▶ _Requirement_: Repeat the whole listing below precisely. Omit all pictures.

▶ _Exercise data_:
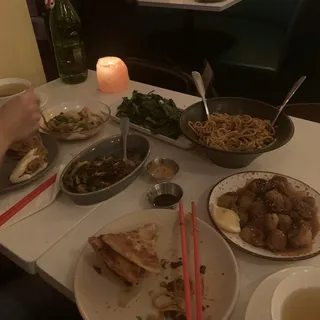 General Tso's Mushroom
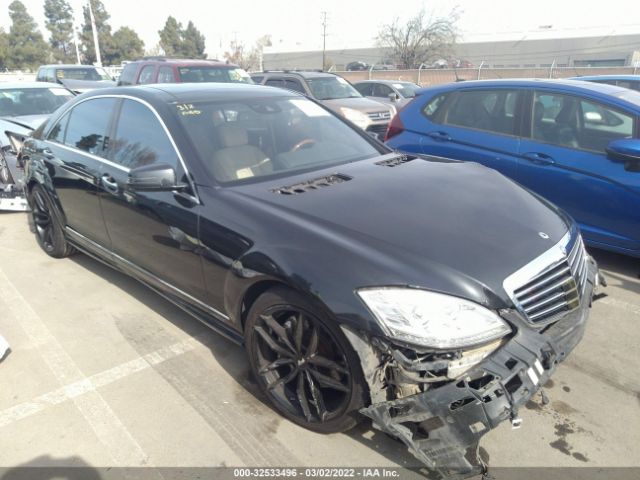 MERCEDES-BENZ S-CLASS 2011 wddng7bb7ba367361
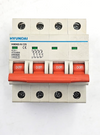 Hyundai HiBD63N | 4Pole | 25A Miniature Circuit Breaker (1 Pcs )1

▶ _Exercise answer_:
 General Tso's Mushroom
 MERCEDES-BENZ S-CLASS 2011 wddng7bb7ba367361
 Hyundai HiBD63N | 4Pole | 25A Miniature Circuit Breaker (1 Pcs )1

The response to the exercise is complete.